How "THE ELEPHANT BUTTE DAM SUIT WAS INSTIGATED

BY BRIGADIER GENERAL ANSON MILLS."

(British Memorial, page 5.)

161

Major Mills to the Secretary of State.

EBBITT HOUSE,

Washington, D. C., December 10, 1888. SIR: Agreeable to promise at our interview this a. m., I have the honor to submit the following general outline of my projected scheme for an international dam and water storage in the Rio Grande River, near El Paso, Tex., for the control of the annual floods and the preservation of the national boundary to the Gulf, and for other purposes.

The Rio Grande, 1,800 miles long, rises from an unusual number of tributaries in the very high altitudes of southern Colorado and northern New Mexico, where the rain and snow fall is extraordinary, and the ice formed therefrom in the long winter enormous. As it flows southward the precipitation gradually decreases for 600 miles, when the Mexican boundary is reached at El Paso, Tex., where there is neither snow nor ice and but 8 inches annual rainfall; from thence 1,200 miles south to the Gulf of Mexico the rainfall is only sufficient to compensate for the loss by evaporation (which latter is very great), and for these reasons the river has but few tributaries and no increase of flow below El Paso.

The annual floods, caused by the melting of snow and ice in the mountains, take place in May and last for about 75 days, during which period the average flow may be estimated at 200 yards in width by 2 yards in depth, with a velocity of 5 miles per hour, although in recurring periods of about seven years it is much greater. During the remaining 290 days of the year the average flow is perhaps not over 30 yards wide by 1 yard deep, with the same velocity; and in the same recurring periods, in the intervals between the high tides, the river goes dry for months, as it is at this time-or at least has no current, with not enough water in the pools to float the fish.
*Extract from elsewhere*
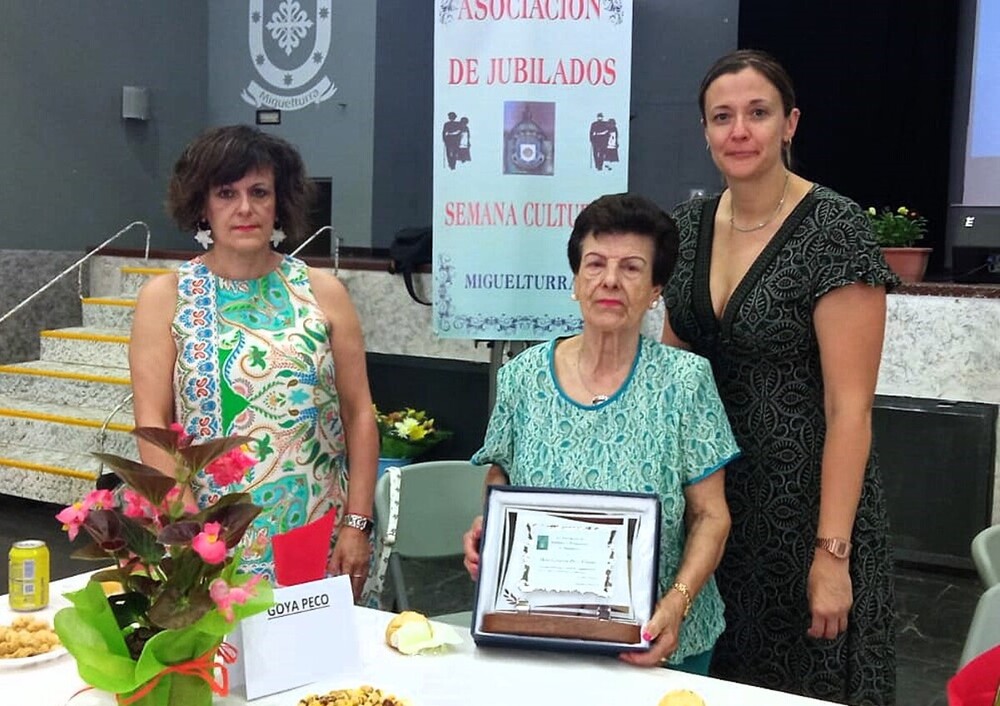 Los jubilados clausuran su semana cultural con una gran comida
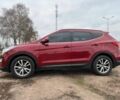 Красный Хендай Санта Фе, объемом двигателя 0 л и пробегом 170 тыс. км за 16000 $, фото 3 на Automoto.ua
There is at present popular opinion that this want of water comes from its diversion by the numerous irrigating canals lately taken out in Colorado and New Mexico, and while it is problematical what effect this may have, if any, I am of the opinion that most of this water returns to the stream again, either through the atmosphere, by evaporation and precipitation, or by the earth, through overflow and drainage, as from personal observation I know that these seasons of flood and drought were of about the same character 30 years ago.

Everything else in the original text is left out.